→ SUPPLIED ENTRIES
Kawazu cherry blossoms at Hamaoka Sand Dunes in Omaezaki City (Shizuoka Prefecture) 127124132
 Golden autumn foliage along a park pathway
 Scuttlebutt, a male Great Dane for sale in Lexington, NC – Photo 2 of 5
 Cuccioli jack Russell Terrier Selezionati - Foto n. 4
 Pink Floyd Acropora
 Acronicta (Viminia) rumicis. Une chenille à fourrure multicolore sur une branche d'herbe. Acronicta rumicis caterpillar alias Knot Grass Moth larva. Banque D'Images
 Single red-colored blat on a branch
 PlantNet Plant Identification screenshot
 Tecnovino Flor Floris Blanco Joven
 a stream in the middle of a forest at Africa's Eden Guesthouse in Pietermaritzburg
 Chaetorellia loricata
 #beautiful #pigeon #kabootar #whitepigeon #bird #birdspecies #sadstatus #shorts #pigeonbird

→ THE PROBLEM
Look above for the line containing "Golden autumn foliage along a park pathway". Return it and each line after it exactly, through the last line, and nothing more.

→ WORKED SOLUTION
 Golden autumn foliage along a park pathway
 Scuttlebutt, a male Great Dane for sale in Lexington, NC – Photo 2 of 5
 Cuccioli jack Russell Terrier Selezionati - Foto n. 4
 Pink Floyd Acropora
 Acronicta (Viminia) rumicis. Une chenille à fourrure multicolore sur une branche d'herbe. Acronicta rumicis caterpillar alias Knot Grass Moth larva. Banque D'Images
 Single red-colored blat on a branch
 PlantNet Plant Identification screenshot
 Tecnovino Flor Floris Blanco Joven
 a stream in the middle of a forest at Africa's Eden Guesthouse in Pietermaritzburg
 Chaetorellia loricata
 #beautiful #pigeon #kabootar #whitepigeon #bird #birdspecies #sadstatus #shorts #pigeonbird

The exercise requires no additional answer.